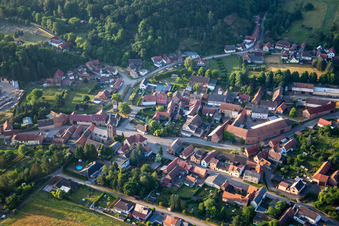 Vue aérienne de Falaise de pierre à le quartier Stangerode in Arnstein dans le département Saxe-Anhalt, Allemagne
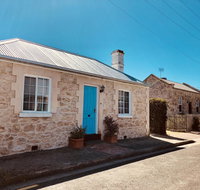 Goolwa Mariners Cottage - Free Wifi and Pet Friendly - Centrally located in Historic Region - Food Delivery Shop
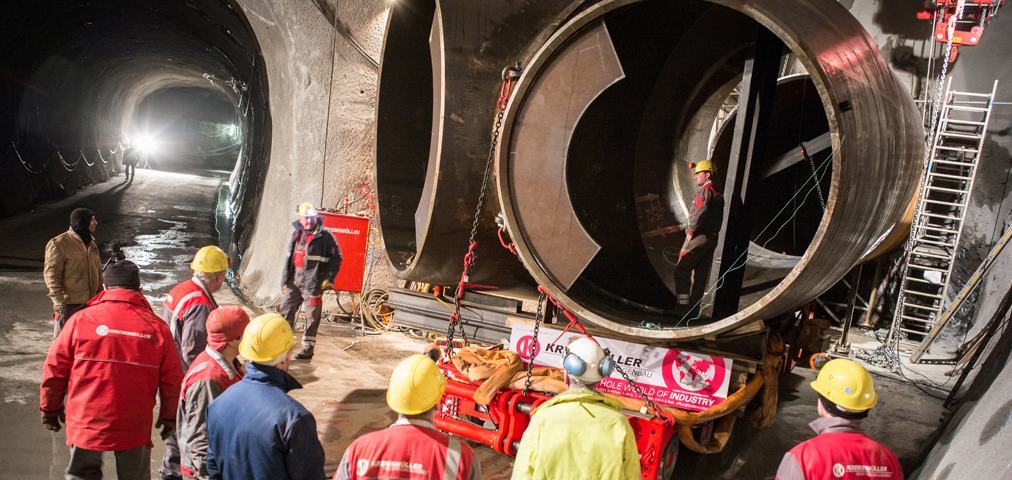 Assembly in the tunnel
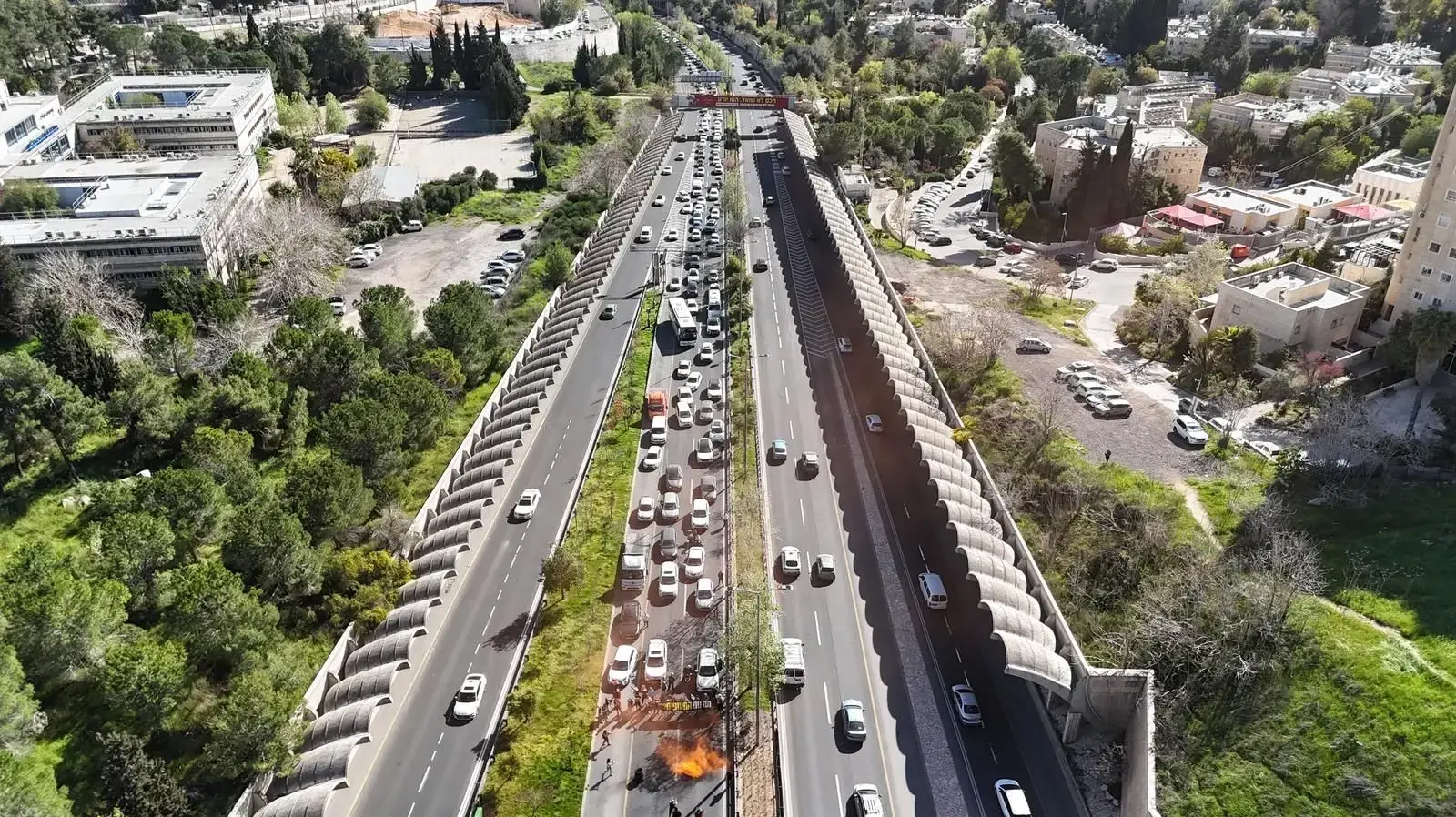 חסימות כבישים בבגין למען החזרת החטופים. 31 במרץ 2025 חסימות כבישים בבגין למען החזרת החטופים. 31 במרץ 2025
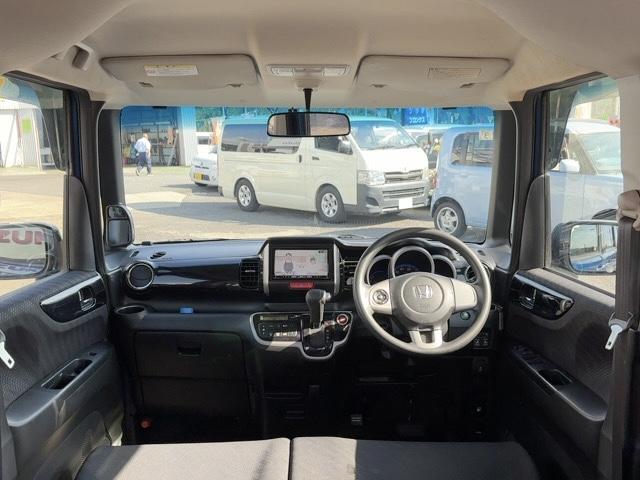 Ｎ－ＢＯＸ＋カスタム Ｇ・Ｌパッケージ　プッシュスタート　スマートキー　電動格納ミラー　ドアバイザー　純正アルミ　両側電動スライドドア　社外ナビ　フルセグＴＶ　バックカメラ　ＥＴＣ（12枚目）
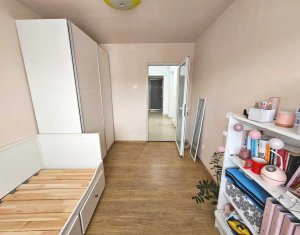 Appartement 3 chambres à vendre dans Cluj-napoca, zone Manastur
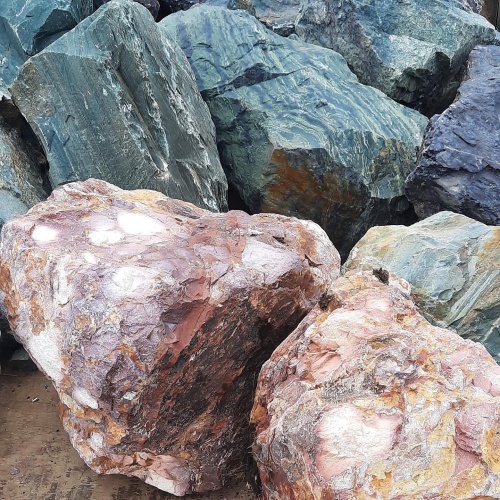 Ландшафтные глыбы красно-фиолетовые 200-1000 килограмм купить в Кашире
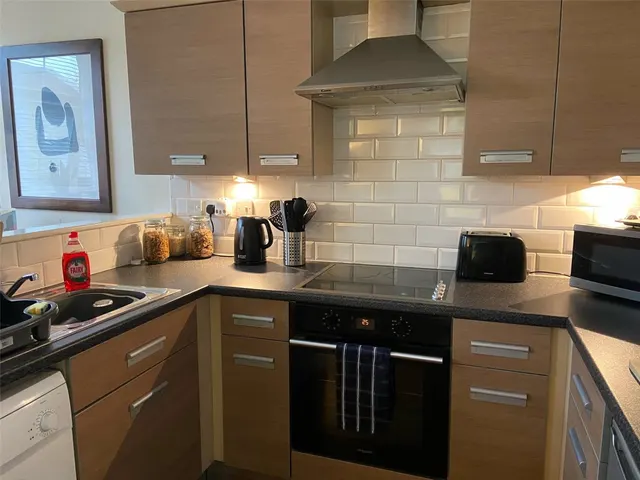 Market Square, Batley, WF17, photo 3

▸ **Work to complete**: Print all of the entries word for word. Omit the pictures they contain.

▸ **Task result**:
 Vue aérienne de Falaise de pierre à le quartier Stangerode in Arnstein dans le département Saxe-Anhalt, Allemagne
 Goolwa Mariners Cottage - Free Wifi and Pet Friendly - Centrally located in Historic Region - Food Delivery Shop
 Assembly in the tunnel
 חסימות כבישים בבגין למען החזרת החטופים. 31 במרץ 2025 חסימות כבישים בבגין למען החזרת החטופים. 31 במרץ 2025
 Ｎ－ＢＯＸ＋カスタム Ｇ・Ｌパッケージ　プッシュスタート　スマートキー　電動格納ミラー　ドアバイザー　純正アルミ　両側電動スライドドア　社外ナビ　フルセグＴＶ　バックカメラ　ＥＴＣ（12枚目）
 Appartement 3 chambres à vendre dans Cluj-napoca, zone Manastur
 Ландшафтные глыбы красно-фиолетовые 200-1000 килограмм купить в Кашире
 Market Square, Batley, WF17, photo 3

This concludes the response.